Relance du Processus de Nouakchott : la 1ère année de la coordination tournante confiée au Burkina Faso

Le président du Faso, Roch Marc Christian Kaboré, a reçu en audience une délégation des membres du Processus de Nouakchott, accompagnée de représentants de l’Union africaine et de l’ONU. C’était le mardi 27 novembre 2018, au palais de Kosyam.

 A l’issue de la réunion ministérielle des pays membres du Processus de Nouakchott, une délégation est allée rendre compte des travaux au président du Faso, Roch Marc Christian Kaboré, le mardi 27 novembre 2018 à Kosyam.

L’on peut retenir principalement du compte-rendu fait au chef de l’Etat burkinabè, qu’après une rencontre des chefs des services de renseignement des onze pays membres de ce processus quelques heures plus tôt, la relance des activités de cette initiative interétatique du point de vue sécuritaire a été au centre des travaux. « Il s’est agi de relancer le Processus de Nouakchott qui se veut comme une approche multidimensionnelle de la crise au Sahel », a informé le ministre des Affaires étrangères et de la Coopération, Alpha Barry.
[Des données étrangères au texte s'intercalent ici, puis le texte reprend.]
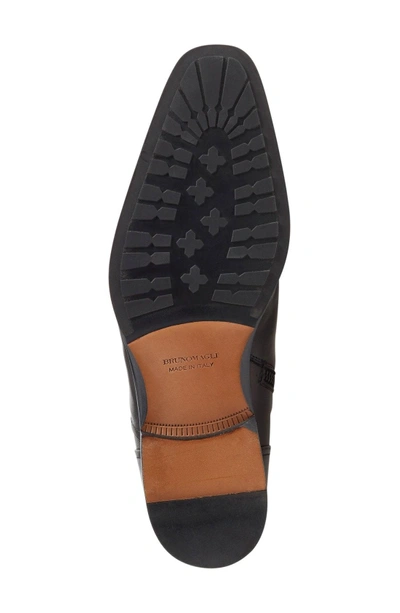 Shop Bruno Magli 'arcadia' Cap Toe Boot In Black Leather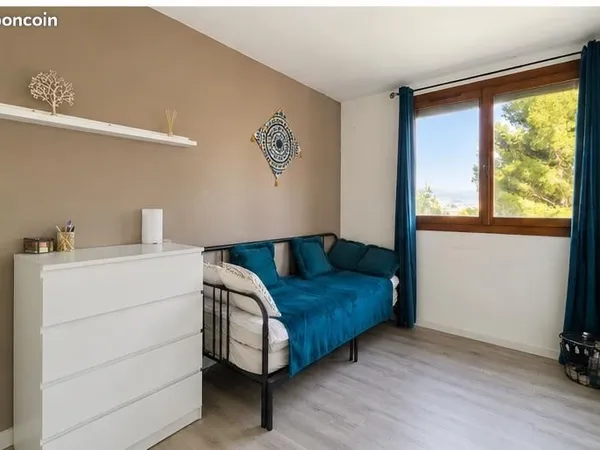 🏡 chambre meublée avec tv — colocation t3 — résidence marseille — 650 cc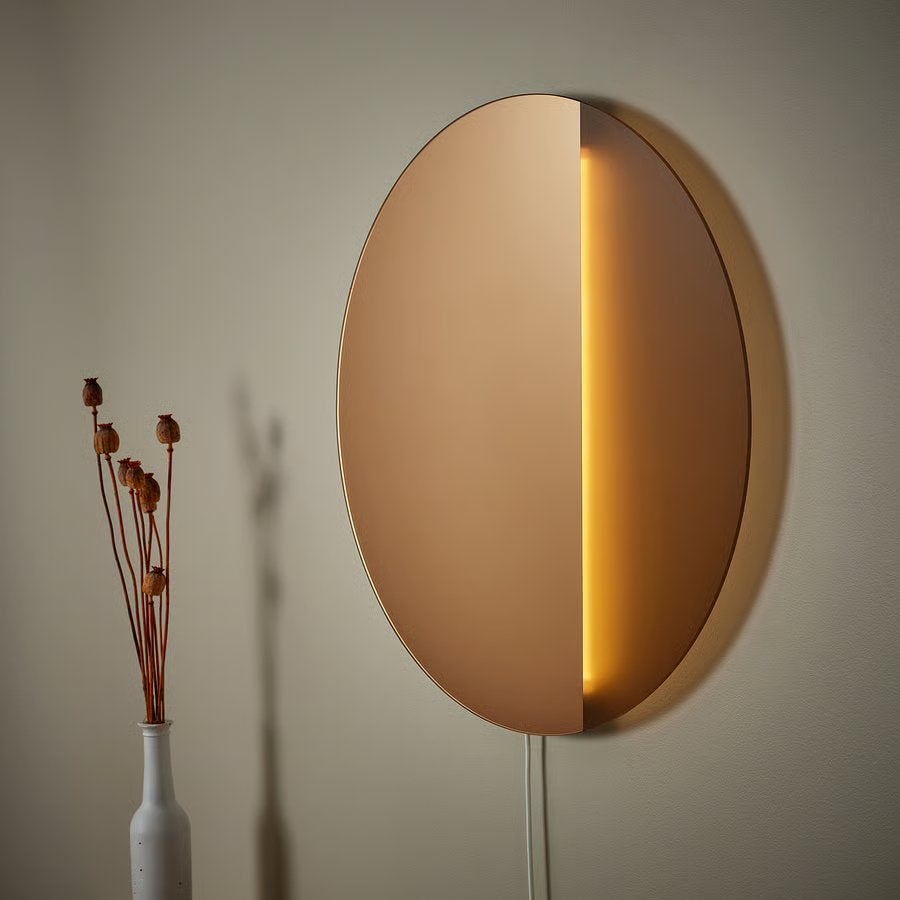 Varmblixt spiegel met verlichting Sabine Marcelis, Ophalen, LED, IKEA, Nieuw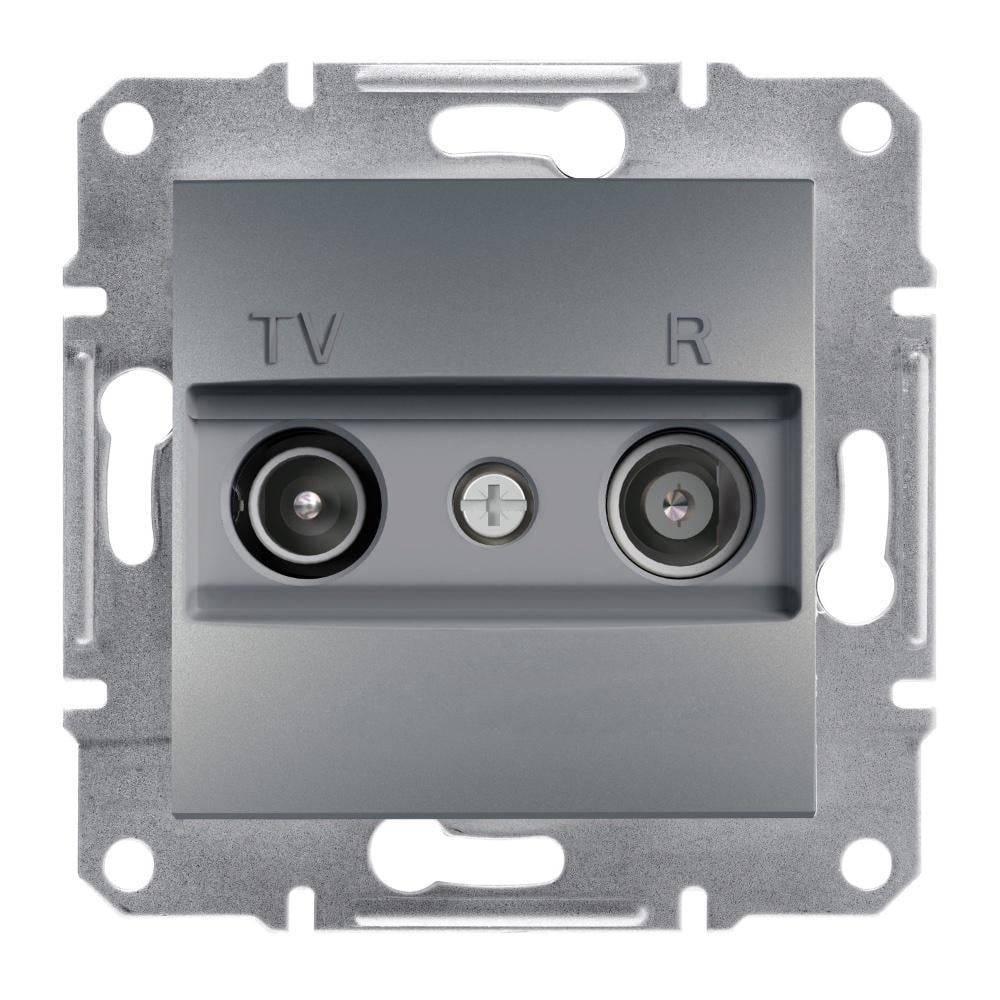 Розетка Schneider Electric Asfora TV-R конечная 1 dB Сталь (EPH3300162) Розетка Schneider Electric Asfora TV-R конечная 1 dB Сталь (EPH3300162)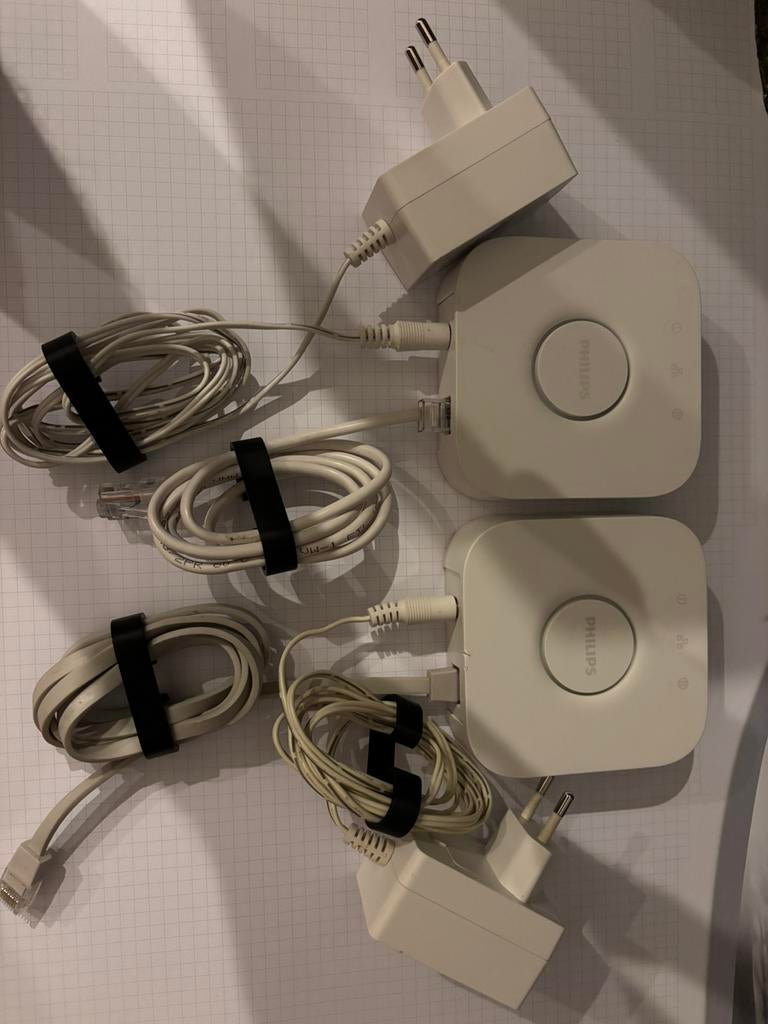Philips Hue Bridge 2x- Slimme Verlichting Hub, Ophalen of Verzenden, Gebruikt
En plus de mesures opérationnelles quotidiennes, le conclave ministériel a décidé de l’institution d’une coordination tournante des activités de ce cadre de solidarité sous régionale assurée par les différents pays membres. Le Burkina Faso a été responsabilisé dans cette nouvelle dynamique pour la première année. Le commissaire à la paix et à la sécurité de l’Union africaine (UA), Smaïl Chergui, a indiqué que la tenue de cette réunion au Burkina Faso se veut un geste de solidarité en direction des Burkinabè confrontés à des attaques terroristes. « Nous avons vu la résilience de ce peuple, de ses institutions et nous n’avons aucun doute qu’on finira par vaincre cet hydre terroriste qui frappe toute la région », a-t-il affirmé. L’objectif, a-t-il poursuivi, est de conjuguer cette solidarité au niveau de tout le Sahel et de promouvoir l’échange de renseignements. Selon le représentant de l’UA, les moyens de communication sécurisés pour les services de renseignement sont une réalité. « Cela permettra d’améliorer notre réaction par rapport à ce danger permanent qui guette toute la région », a indiqué M. Chergui.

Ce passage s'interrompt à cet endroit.